What is an MSP and why are they a supply chain risk?
MSP (Managed Service Provider): a company that manages IT infrastructure for multiple client organizations from a centralized platform, typically with privileged remote access to all client systems. Supply chain risk: compromising one MSP grants authenticated access to all of its customer networks simultaneously. A single breach can expose dozens or hundreds of separate organizations β€” extraordinary attack leverage. Attackers specifically target MSPs for this reason. Customers of an MSP inherit the MSP's security weaknesses; vendor risk management and least-privilege access for MSP accounts are essential controls.
What is a "Hacker on a Chip" (HID Attack)?
A HID (Human Interface Device) attack uses a USB device that emulates a keyboard rather than a storage drive. The operating system grants keyboards immediate, trusted input access β€” no authentication required. When plugged in, the device automatically types a pre-programmed attack sequence at machine speed (hundreds of characters per second): opening a terminal, downloading malware, creating backdoor accounts, or exfiltrating files β€” all in seconds. The USB Rubber Ducky is the most well-known HID attack tool. Called "Hacker on a Chip" because the complete attack payload is programmed into the device's microcontroller.
Why does more open ports = larger attack surface?
Every open TCP or UDP port represents a service listening for connections.

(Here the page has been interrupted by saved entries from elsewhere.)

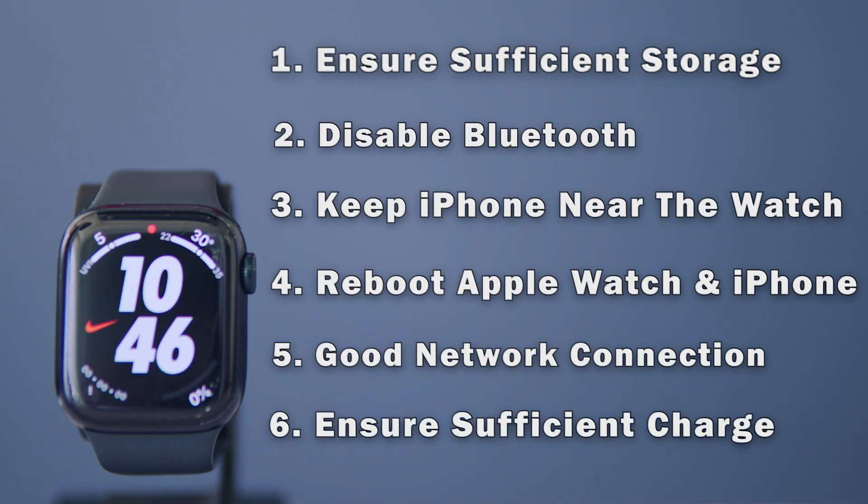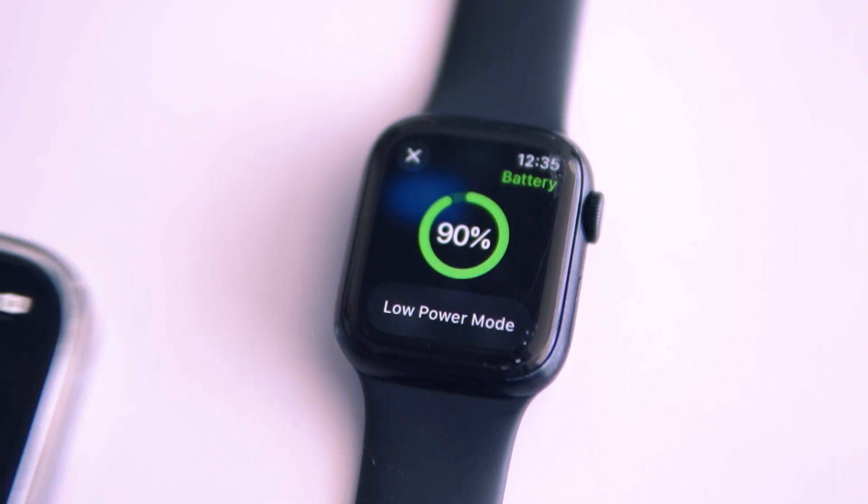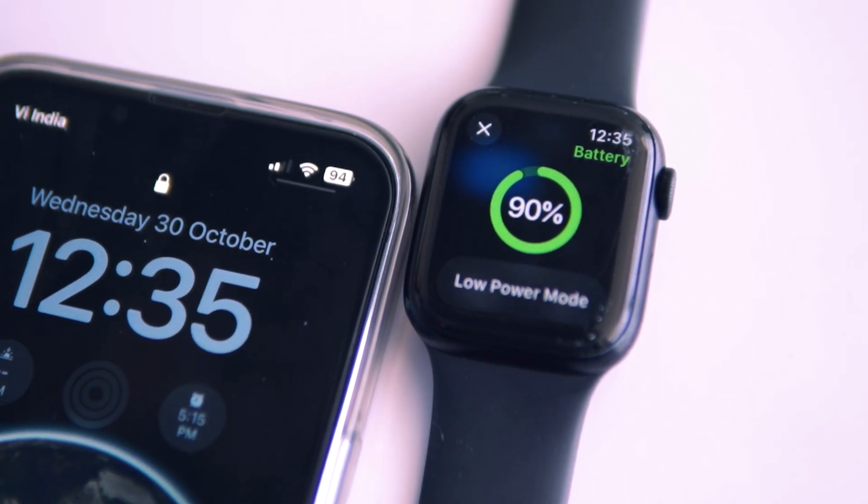Lastly, updating your Apple Watch can take a while and you don't want to run out of battery mid-update. So make sure that your Apple Watch is charged at least up to 50%, and make sure that your iPhone is also charged.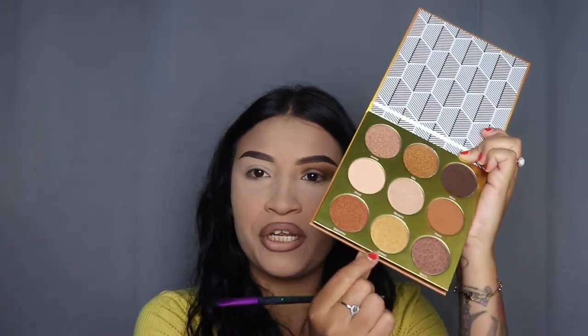Now I'm going to choose a shimmery shade. I'm wearing a yellow shirt so I'm thinking of going with this pretty gold right here — just for the inner area. I'm going to grab a flat brush from the Nikita Dragon by Morphe Brush Collection, pick up a little bit of this shade, and tap off the extra. Then we're going to blend this out. It applied very nicely — it is shimmery and pretty. It's like a yellow gold, not a dark gold, so it goes perfectly with my shirt.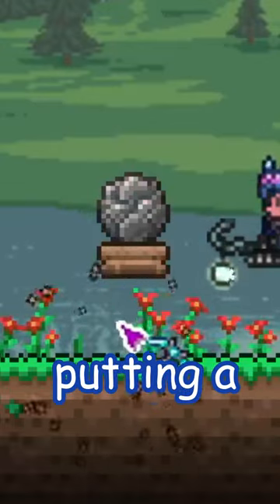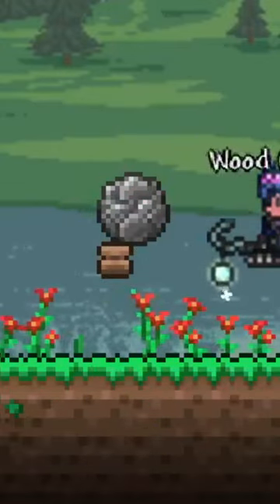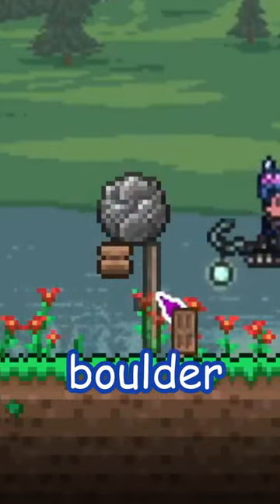Everyone knows about that prank of putting a boring cup of water above the door. But have you tried putting a boulder above the door?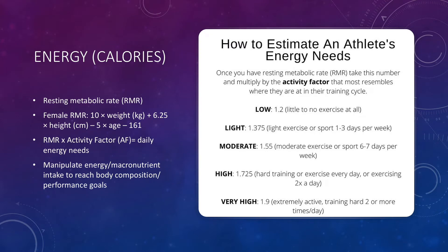First we want to figure out our energy expenditure — how many calories we're going to need in a day to sustain our exercise. To do this, we want to start with calculating our resting metabolic rate. This is the rate at which our body burns calories when our bodies are in a resting state. To figure out the RMR for females, you can look at the second bullet on the slide and plug in your weight, height, and age. Make sure your weight is in kilograms and your height is in centimeters to get the correct values.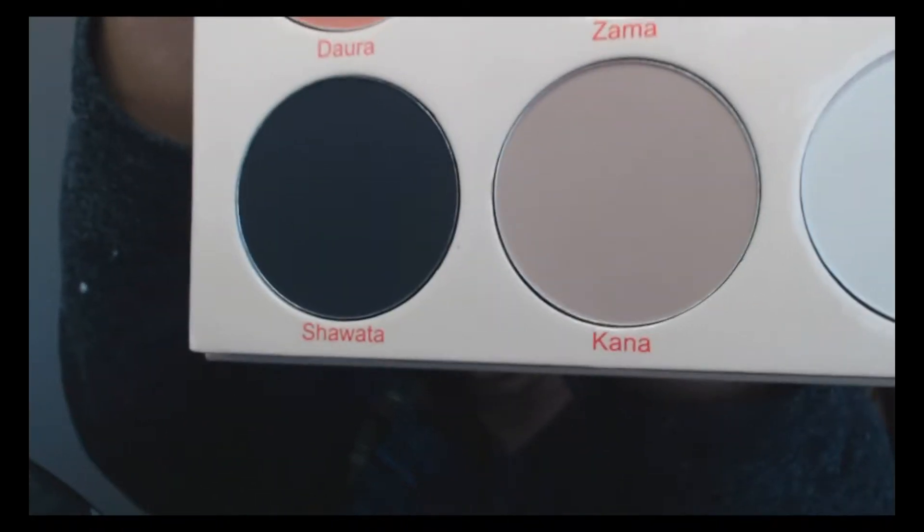I primed my eyes already and I'm going to go in with the Kana — that light tan shade — as my base shade. I'm going to use the new J5 round eyeshadow blending brush from Juvia's Place. This is new for me. The brush is rather large; I have big eyes but it's an eyeshadow blending brush. If you have small eyes you might want to try something smaller.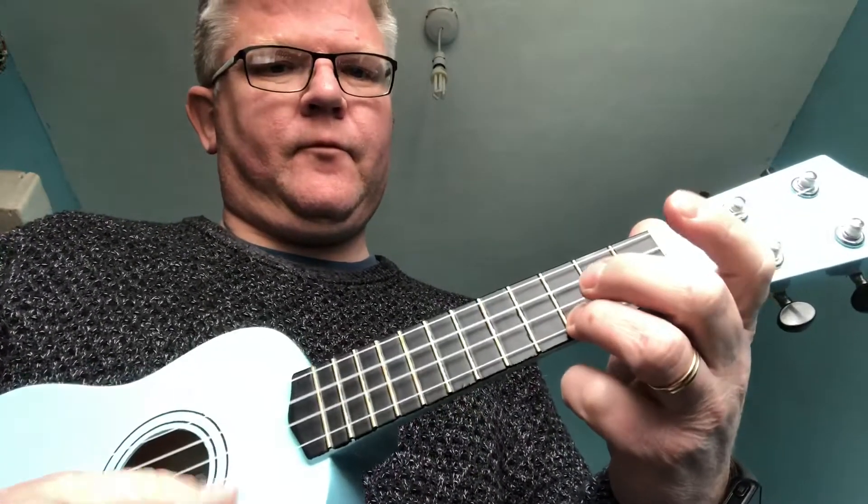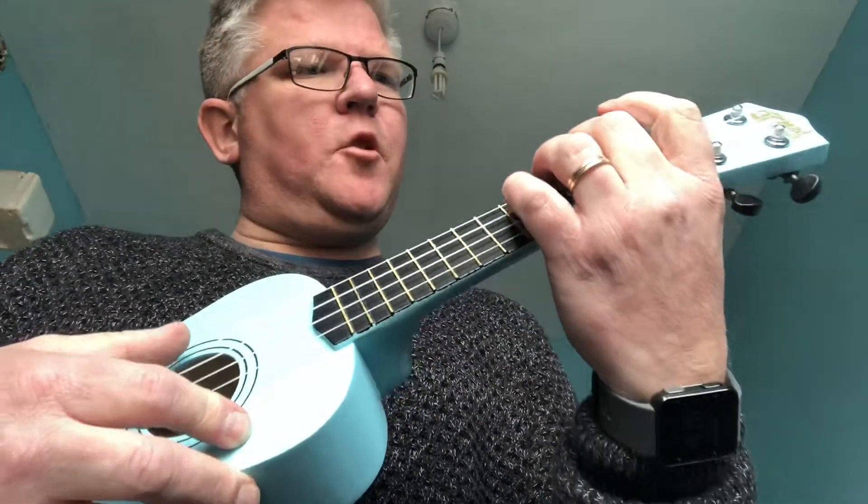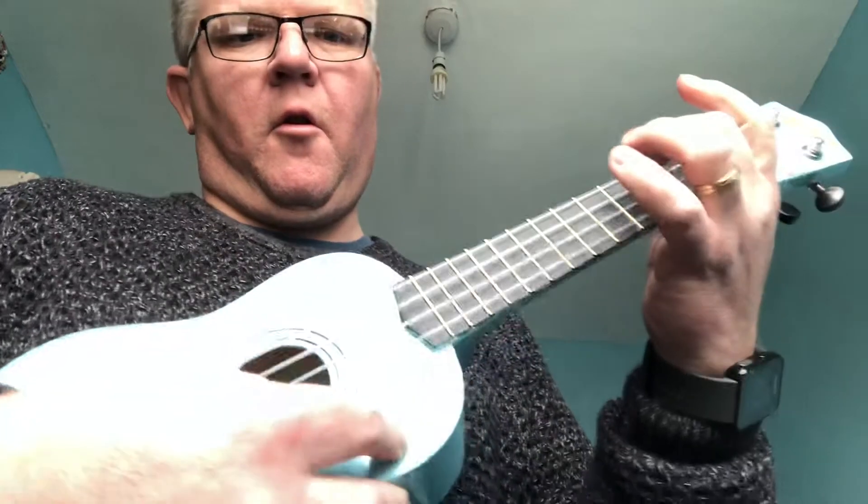We finished by doing A minor, which of course was putting the 2nd finger down on fret number 2 on the G string, which is the 1st string. What I'd like you to do is just follow after me — do 4 strums on A minor.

Each service has its own vulnerability history, its own configuration, and its own potential for misconfiguration. Every open port that accepts external traffic requires a firewall rule explicitly allowing that traffic β€” and firewall rules accumulate over years, rarely being cleaned up. More services = more attack vectors, more CVEs to track, more configurations to audit, more potential misconfigurations. Minimizing running services (principle of least functionality) directly reduces attack surface. A service that isn't running cannot be exploited.
What is the key lesson from the 2013 Target breach?
Target was breached not through Target's own systems, but through an HVAC vendor (Fazio Mechanical) that had network access for invoice submission and remote monitoring. Attackers compromised Fazio via phishing, used their credentials to enter Target's vendor portal, pivoted to the POS network (inadequate network segmentation), installed memory-scraping malware on point-of-sale terminals across all stores, and stole 40 million credit card numbers. Lesson: granting third-party vendors network access extends your attack surface to include their security posture. Vendor access must be least-privilege, network-segmented, and subject to the same security standards as internal access.